Supplied material section start
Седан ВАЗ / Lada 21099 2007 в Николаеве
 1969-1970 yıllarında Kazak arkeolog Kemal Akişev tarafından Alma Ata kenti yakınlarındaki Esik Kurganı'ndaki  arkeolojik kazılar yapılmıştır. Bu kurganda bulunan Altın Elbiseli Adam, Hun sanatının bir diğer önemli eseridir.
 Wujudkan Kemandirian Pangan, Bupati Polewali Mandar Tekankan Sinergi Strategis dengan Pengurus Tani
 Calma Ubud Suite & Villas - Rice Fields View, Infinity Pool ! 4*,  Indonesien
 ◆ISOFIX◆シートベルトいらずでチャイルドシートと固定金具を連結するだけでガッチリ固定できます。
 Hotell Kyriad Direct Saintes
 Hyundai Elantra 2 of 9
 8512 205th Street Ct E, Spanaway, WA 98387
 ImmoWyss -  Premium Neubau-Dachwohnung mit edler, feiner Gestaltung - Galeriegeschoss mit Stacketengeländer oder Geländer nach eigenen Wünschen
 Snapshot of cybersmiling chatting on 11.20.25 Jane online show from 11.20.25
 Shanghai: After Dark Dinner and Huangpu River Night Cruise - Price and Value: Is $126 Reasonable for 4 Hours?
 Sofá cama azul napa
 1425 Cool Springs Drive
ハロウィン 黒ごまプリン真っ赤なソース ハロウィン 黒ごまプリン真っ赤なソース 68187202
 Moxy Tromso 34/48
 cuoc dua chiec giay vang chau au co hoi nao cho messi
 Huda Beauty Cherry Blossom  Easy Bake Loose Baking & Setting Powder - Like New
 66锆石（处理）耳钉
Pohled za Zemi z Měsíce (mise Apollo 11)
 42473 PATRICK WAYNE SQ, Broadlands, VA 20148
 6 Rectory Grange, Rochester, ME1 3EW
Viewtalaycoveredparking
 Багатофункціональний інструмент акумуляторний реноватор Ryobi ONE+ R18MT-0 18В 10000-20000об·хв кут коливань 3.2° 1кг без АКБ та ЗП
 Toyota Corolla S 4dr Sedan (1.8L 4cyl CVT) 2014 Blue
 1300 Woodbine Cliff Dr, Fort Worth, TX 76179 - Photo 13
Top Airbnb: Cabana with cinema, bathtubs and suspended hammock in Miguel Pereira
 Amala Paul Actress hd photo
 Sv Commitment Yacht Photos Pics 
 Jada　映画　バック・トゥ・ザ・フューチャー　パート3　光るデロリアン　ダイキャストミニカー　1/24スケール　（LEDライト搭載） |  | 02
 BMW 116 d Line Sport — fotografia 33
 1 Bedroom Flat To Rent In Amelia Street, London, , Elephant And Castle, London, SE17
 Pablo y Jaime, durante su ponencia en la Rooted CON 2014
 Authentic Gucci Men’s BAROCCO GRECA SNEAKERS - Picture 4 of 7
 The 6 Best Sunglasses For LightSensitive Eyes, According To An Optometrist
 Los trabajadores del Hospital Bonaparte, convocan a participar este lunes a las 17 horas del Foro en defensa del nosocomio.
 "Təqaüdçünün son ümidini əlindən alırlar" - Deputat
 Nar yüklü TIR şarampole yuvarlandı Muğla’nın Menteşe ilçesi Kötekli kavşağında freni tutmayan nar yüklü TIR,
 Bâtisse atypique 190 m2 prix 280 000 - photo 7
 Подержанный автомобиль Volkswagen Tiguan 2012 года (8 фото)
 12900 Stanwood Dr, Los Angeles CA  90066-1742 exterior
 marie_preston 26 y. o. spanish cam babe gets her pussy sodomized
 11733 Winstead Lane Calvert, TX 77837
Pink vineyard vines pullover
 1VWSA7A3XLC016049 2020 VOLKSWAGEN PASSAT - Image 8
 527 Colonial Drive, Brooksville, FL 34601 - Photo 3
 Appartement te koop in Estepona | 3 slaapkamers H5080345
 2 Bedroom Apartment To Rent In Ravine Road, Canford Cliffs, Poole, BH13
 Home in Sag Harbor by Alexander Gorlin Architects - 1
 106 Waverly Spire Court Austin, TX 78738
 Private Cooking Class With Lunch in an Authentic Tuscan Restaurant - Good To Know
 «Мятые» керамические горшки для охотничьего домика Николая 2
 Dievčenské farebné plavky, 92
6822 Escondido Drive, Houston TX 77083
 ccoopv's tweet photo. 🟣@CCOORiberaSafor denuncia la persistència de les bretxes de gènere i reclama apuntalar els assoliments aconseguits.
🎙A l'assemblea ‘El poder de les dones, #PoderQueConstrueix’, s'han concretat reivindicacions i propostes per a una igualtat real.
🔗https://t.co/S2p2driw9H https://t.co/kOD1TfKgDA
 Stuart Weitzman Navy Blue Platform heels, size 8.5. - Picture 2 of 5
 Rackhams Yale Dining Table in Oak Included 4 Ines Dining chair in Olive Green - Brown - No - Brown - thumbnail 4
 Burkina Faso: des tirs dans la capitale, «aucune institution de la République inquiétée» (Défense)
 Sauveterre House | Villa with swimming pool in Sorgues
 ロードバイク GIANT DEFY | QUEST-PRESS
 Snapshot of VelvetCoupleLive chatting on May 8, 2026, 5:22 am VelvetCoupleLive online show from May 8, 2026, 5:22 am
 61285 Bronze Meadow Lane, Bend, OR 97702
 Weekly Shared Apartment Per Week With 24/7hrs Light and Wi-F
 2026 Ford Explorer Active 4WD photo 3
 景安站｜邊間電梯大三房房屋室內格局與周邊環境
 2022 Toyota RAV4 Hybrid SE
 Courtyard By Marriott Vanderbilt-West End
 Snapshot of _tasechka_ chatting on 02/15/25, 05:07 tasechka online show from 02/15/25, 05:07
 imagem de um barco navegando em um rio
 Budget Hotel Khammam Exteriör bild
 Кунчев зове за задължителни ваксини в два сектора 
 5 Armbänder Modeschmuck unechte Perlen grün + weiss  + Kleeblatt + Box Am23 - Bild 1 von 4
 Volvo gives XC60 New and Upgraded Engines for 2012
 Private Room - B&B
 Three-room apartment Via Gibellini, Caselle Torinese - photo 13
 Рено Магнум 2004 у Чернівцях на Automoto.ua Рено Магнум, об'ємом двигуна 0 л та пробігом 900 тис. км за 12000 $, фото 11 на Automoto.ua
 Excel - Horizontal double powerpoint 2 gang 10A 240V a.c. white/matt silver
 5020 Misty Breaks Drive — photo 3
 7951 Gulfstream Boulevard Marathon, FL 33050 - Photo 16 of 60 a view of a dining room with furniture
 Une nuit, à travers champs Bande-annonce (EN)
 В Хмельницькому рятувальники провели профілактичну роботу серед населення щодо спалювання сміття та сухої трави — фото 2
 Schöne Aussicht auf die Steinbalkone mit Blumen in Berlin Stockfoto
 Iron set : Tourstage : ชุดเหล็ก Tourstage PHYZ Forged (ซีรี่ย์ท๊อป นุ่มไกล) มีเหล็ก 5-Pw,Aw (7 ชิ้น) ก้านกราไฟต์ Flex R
Supplied material section end
Directions for this task
Copy each line of the records verbatim.

Reply to the exercise
Седан ВАЗ / Lada 21099 2007 в Николаеве
 1969-1970 yıllarında Kazak arkeolog Kemal Akişev tarafından Alma Ata kenti yakınlarındaki Esik Kurganı'ndaki  arkeolojik kazılar yapılmıştır. Bu kurganda bulunan Altın Elbiseli Adam, Hun sanatının bir diğer önemli eseridir.
 Wujudkan Kemandirian Pangan, Bupati Polewali Mandar Tekankan Sinergi Strategis dengan Pengurus Tani
 Calma Ubud Suite & Villas - Rice Fields View, Infinity Pool ! 4*,  Indonesien
 ◆ISOFIX◆シートベルトいらずでチャイルドシートと固定金具を連結するだけでガッチリ固定できます。
 Hotell Kyriad Direct Saintes
 Hyundai Elantra 2 of 9
 8512 205th Street Ct E, Spanaway, WA 98387
 ImmoWyss -  Premium Neubau-Dachwohnung mit edler, feiner Gestaltung - Galeriegeschoss mit Stacketengeländer oder Geländer nach eigenen Wünschen
 Snapshot of cybersmiling chatting on 11.20.25 Jane online show from 11.20.25
 Shanghai: After Dark Dinner and Huangpu River Night Cruise - Price and Value: Is $126 Reasonable for 4 Hours?
 Sofá cama azul napa
 1425 Cool Springs Drive
ハロウィン 黒ごまプリン真っ赤なソース ハロウィン 黒ごまプリン真っ赤なソース 68187202
 Moxy Tromso 34/48
 cuoc dua chiec giay vang chau au co hoi nao cho messi
 Huda Beauty Cherry Blossom  Easy Bake Loose Baking & Setting Powder - Like New
 66锆石（处理）耳钉
Pohled za Zemi z Měsíce (mise Apollo 11)
 42473 PATRICK WAYNE SQ, Broadlands, VA 20148
 6 Rectory Grange, Rochester, ME1 3EW
Viewtalaycoveredparking
 Багатофункціональний інструмент акумуляторний реноватор Ryobi ONE+ R18MT-0 18В 10000-20000об·хв кут коливань 3.2° 1кг без АКБ та ЗП
 Toyota Corolla S 4dr Sedan (1.8L 4cyl CVT) 2014 Blue
 1300 Woodbine Cliff Dr, Fort Worth, TX 76179 - Photo 13
Top Airbnb: Cabana with cinema, bathtubs and suspended hammock in Miguel Pereira
 Amala Paul Actress hd photo
 Sv Commitment Yacht Photos Pics 
 Jada　映画　バック・トゥ・ザ・フューチャー　パート3　光るデロリアン　ダイキャストミニカー　1/24スケール　（LEDライト搭載） |  | 02
 BMW 116 d Line Sport — fotografia 33
 1 Bedroom Flat To Rent In Amelia Street, London, , Elephant And Castle, London, SE17
 Pablo y Jaime, durante su ponencia en la Rooted CON 2014
 Authentic Gucci Men’s BAROCCO GRECA SNEAKERS - Picture 4 of 7
 The 6 Best Sunglasses For LightSensitive Eyes, According To An Optometrist
 Los trabajadores del Hospital Bonaparte, convocan a participar este lunes a las 17 horas del Foro en defensa del nosocomio.
 "Təqaüdçünün son ümidini əlindən alırlar" - Deputat
 Nar yüklü TIR şarampole yuvarlandı Muğla’nın Menteşe ilçesi Kötekli kavşağında freni tutmayan nar yüklü TIR,
 Bâtisse atypique 190 m2 prix 280 000 - photo 7
 Подержанный автомобиль Volkswagen Tiguan 2012 года (8 фото)
 12900 Stanwood Dr, Los Angeles CA  90066-1742 exterior
 marie_preston 26 y. o. spanish cam babe gets her pussy sodomized
 11733 Winstead Lane Calvert, TX 77837
Pink vineyard vines pullover
 1VWSA7A3XLC016049 2020 VOLKSWAGEN PASSAT - Image 8
 527 Colonial Drive, Brooksville, FL 34601 - Photo 3
 Appartement te koop in Estepona | 3 slaapkamers H5080345
 2 Bedroom Apartment To Rent In Ravine Road, Canford Cliffs, Poole, BH13
 Home in Sag Harbor by Alexander Gorlin Architects - 1
 106 Waverly Spire Court Austin, TX 78738
 Private Cooking Class With Lunch in an Authentic Tuscan Restaurant - Good To Know
 «Мятые» керамические горшки для охотничьего домика Николая 2
 Dievčenské farebné plavky, 92
6822 Escondido Drive, Houston TX 77083
 ccoopv's tweet photo. 🟣@CCOORiberaSafor denuncia la persistència de les bretxes de gènere i reclama apuntalar els assoliments aconseguits.
🎙A l'assemblea ‘El poder de les dones, #PoderQueConstrueix’, s'han concretat reivindicacions i propostes per a una igualtat real.
🔗https://t.co/S2p2driw9H https://t.co/kOD1TfKgDA
 Stuart Weitzman Navy Blue Platform heels, size 8.5. - Picture 2 of 5
 Rackhams Yale Dining Table in Oak Included 4 Ines Dining chair in Olive Green - Brown - No - Brown - thumbnail 4
 Burkina Faso: des tirs dans la capitale, «aucune institution de la République inquiétée» (Défense)
 Sauveterre House | Villa with swimming pool in Sorgues
 ロードバイク GIANT DEFY | QUEST-PRESS
 Snapshot of VelvetCoupleLive chatting on May 8, 2026, 5:22 am VelvetCoupleLive online show from May 8, 2026, 5:22 am
 61285 Bronze Meadow Lane, Bend, OR 97702
 Weekly Shared Apartment Per Week With 24/7hrs Light and Wi-F
 2026 Ford Explorer Active 4WD photo 3
 景安站｜邊間電梯大三房房屋室內格局與周邊環境
 2022 Toyota RAV4 Hybrid SE
 Courtyard By Marriott Vanderbilt-West End
 Snapshot of _tasechka_ chatting on 02/15/25, 05:07 tasechka online show from 02/15/25, 05:07
 imagem de um barco navegando em um rio
 Budget Hotel Khammam Exteriör bild
 Кунчев зове за задължителни ваксини в два сектора 
 5 Armbänder Modeschmuck unechte Perlen grün + weiss  + Kleeblatt + Box Am23 - Bild 1 von 4
 Volvo gives XC60 New and Upgraded Engines for 2012
 Private Room - B&B
 Three-room apartment Via Gibellini, Caselle Torinese - photo 13
 Рено Магнум 2004 у Чернівцях на Automoto.ua Рено Магнум, об'ємом двигуна 0 л та пробігом 900 тис. км за 12000 $, фото 11 на Automoto.ua
 Excel - Horizontal double powerpoint 2 gang 10A 240V a.c. white/matt silver
 5020 Misty Breaks Drive — photo 3
 7951 Gulfstream Boulevard Marathon, FL 33050 - Photo 16 of 60 a view of a dining room with furniture
 Une nuit, à travers champs Bande-annonce (EN)
 В Хмельницькому рятувальники провели профілактичну роботу серед населення щодо спалювання сміття та сухої трави — фото 2
 Schöne Aussicht auf die Steinbalkone mit Blumen in Berlin Stockfoto
 Iron set : Tourstage : ชุดเหล็ก Tourstage PHYZ Forged (ซีรี่ย์ท๊อป นุ่มไกล) มีเหล็ก 5-Pw,Aw (7 ชิ้น) ก้านกราไฟต์ Flex R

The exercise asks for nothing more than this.